* Task requirements *
Copy exactly, and copy only, the lines from the one bearing "Toyota Crown 2010, auction grade 4" through the final line of the records.

* Given entries *
::::
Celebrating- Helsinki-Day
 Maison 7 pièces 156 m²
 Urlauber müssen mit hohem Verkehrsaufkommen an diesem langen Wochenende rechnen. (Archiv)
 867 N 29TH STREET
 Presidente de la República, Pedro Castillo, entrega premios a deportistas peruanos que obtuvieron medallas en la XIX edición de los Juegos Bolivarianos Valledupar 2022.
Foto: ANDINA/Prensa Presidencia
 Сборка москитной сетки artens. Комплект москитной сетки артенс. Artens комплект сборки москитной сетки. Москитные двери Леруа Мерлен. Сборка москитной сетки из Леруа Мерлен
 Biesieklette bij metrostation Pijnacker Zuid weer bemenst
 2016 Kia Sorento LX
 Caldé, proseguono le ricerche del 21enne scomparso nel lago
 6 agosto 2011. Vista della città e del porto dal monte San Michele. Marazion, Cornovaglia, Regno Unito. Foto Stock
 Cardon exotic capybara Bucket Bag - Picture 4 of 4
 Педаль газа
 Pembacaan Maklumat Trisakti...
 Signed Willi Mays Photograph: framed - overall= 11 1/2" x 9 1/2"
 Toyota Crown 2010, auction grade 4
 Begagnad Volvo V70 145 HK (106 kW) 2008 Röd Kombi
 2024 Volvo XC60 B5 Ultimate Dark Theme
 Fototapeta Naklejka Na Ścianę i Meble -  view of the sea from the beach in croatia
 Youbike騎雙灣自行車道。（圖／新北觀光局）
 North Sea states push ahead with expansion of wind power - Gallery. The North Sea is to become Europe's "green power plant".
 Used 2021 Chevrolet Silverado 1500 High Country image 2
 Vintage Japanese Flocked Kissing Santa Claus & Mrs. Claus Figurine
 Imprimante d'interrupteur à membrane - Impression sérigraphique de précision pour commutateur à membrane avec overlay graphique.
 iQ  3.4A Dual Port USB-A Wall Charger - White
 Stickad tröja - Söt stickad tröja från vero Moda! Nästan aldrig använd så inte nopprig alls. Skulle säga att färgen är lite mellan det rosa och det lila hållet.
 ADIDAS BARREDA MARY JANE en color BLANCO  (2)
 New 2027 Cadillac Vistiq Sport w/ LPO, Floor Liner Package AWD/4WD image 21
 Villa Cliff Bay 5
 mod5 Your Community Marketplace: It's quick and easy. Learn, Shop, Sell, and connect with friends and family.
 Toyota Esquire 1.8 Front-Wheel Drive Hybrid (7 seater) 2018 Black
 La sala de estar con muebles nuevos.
::::
* Response to the exercise *
 Toyota Crown 2010, auction grade 4
 Begagnad Volvo V70 145 HK (106 kW) 2008 Röd Kombi
 2024 Volvo XC60 B5 Ultimate Dark Theme
 Fototapeta Naklejka Na Ścianę i Meble -  view of the sea from the beach in croatia
 Youbike騎雙灣自行車道。（圖／新北觀光局）
 North Sea states push ahead with expansion of wind power - Gallery. The North Sea is to become Europe's "green power plant".
 Used 2021 Chevrolet Silverado 1500 High Country image 2
 Vintage Japanese Flocked Kissing Santa Claus & Mrs. Claus Figurine
 Imprimante d'interrupteur à membrane - Impression sérigraphique de précision pour commutateur à membrane avec overlay graphique.
 iQ  3.4A Dual Port USB-A Wall Charger - White
 Stickad tröja - Söt stickad tröja från vero Moda! Nästan aldrig använd så inte nopprig alls. Skulle säga att färgen är lite mellan det rosa och det lila hållet.
 ADIDAS BARREDA MARY JANE en color BLANCO  (2)
 New 2027 Cadillac Vistiq Sport w/ LPO, Floor Liner Package AWD/4WD image 21
 Villa Cliff Bay 5
 mod5 Your Community Marketplace: It's quick and easy. Learn, Shop, Sell, and connect with friends and family.
 Toyota Esquire 1.8 Front-Wheel Drive Hybrid (7 seater) 2018 Black
 La sala de estar con muebles nuevos.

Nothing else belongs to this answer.